9 WEISER IMPERATOR JORA’H

Im Ossarium unter dem Prismapalast, wo ihn niemand sehen konnte, trat Jora’h vor den Totenkopf seines Vaters. »Du zwingst mich, den unehrenhaftesten aller Pläne fortzusetzen.« Das offene, lebendige Haar zuckte hin und her, wie Bänder voll statischer Elektrizität, und in der gespenstischen Stille kehrten seine Worte als verspottende Echos zu ihm zurück. »Bekh! Nicht einmal die Menschen haben passende Schimpfwörter, mit denen sich mein Zorn darauf ausdrücken ließe, was du warst – und was ich geworden bin.«

Nur ein Tag war seit der Kremation vergangen, und der Totenkopf seines Vaters befand sich bereits im kalten Ossarium, einem privaten, stillen Ort, wo ein Weiser Imperator über seine Herrschaft nachdenken konnte. Am liebsten hätte sich Jora’h in einen tiefen Subthism-Schlaf geflüchtet, wie der Hyrillka-Designierte.

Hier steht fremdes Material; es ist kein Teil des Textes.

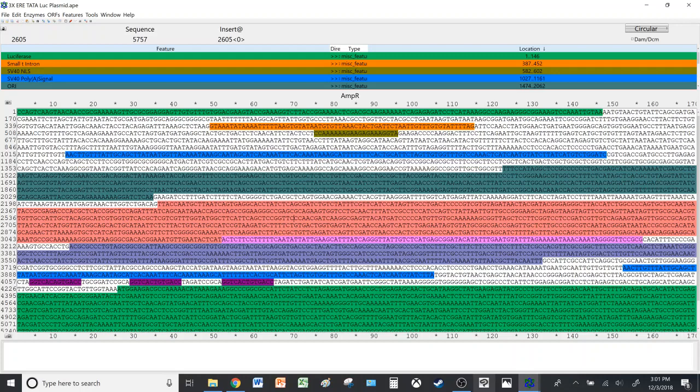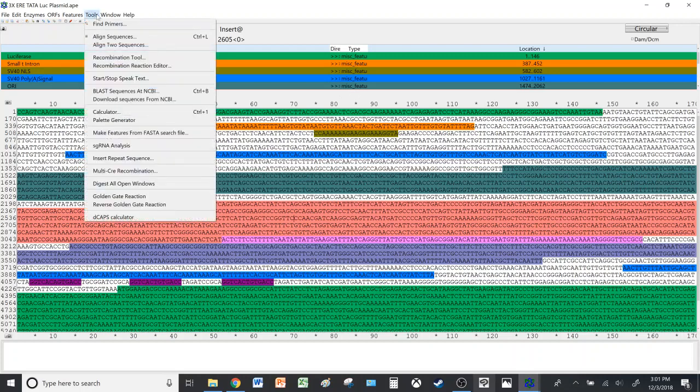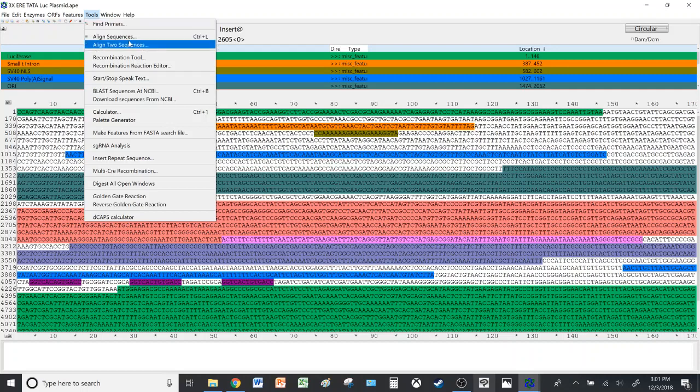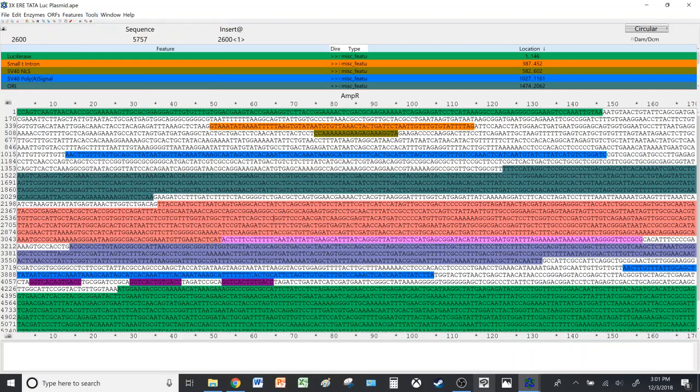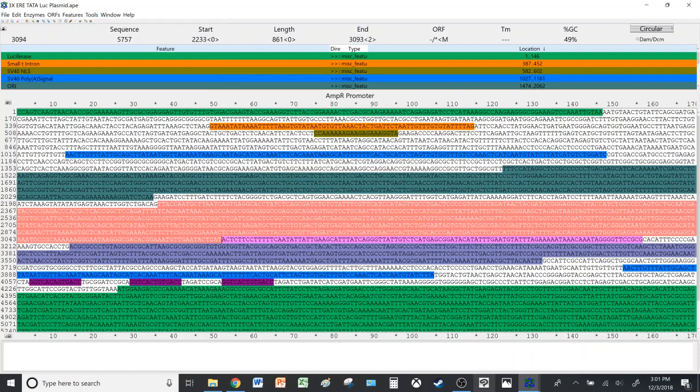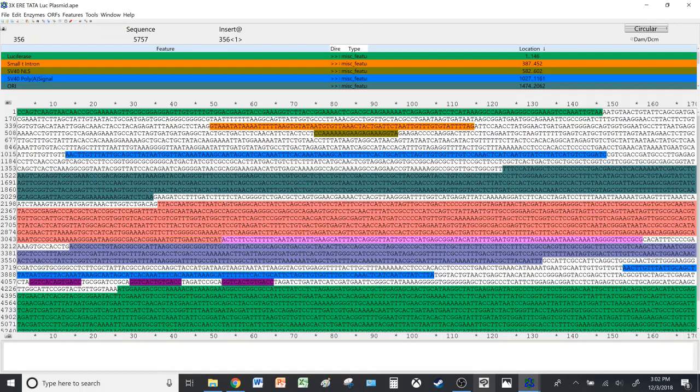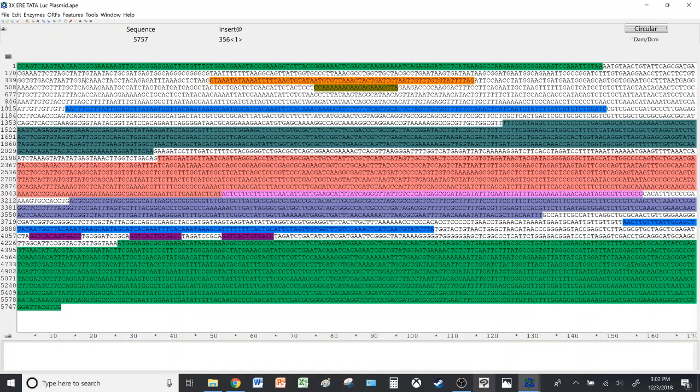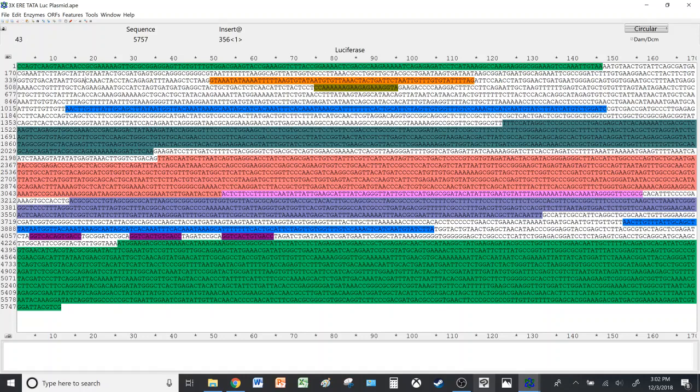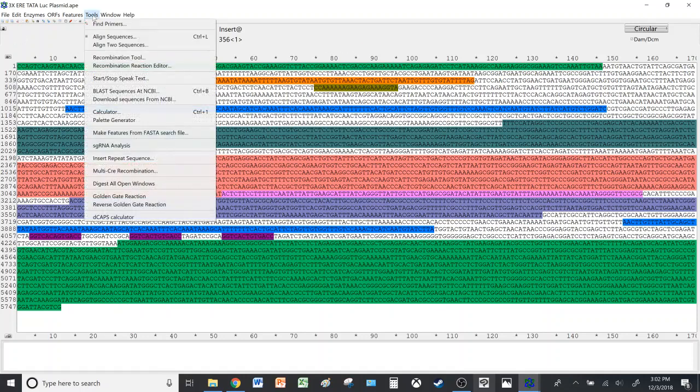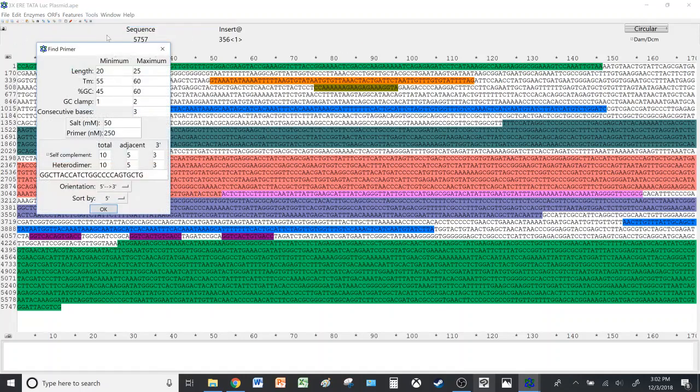Now if you would like to design primers, you can use the program to do so. If you wish to highlight a certain sequence and find the primer for it, for this tutorial we'll just look at the entire sequence for primers and see what we have. So let's go and find primers.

Der perlweiß glühende Totenkopf blieb stumm, die Augenhöhlen leer. Der tote Weise Imperator schien zu grinsen und über die Situation seines Sohns zu lachen.

Vor fast hundert Jahren war Cyroc’h mit dem gleichen Wissen konfrontiert worden, als er vom Zuchtprogramm und den gefangenen Menschen erfahren hatte. Jora’h fragte sich, ob sein Vater sich schuldig gefühlt oder die neuen »Ressourcen« einfach akzeptiert hatte, um sie zum Wohle des Reiches zu nutzen.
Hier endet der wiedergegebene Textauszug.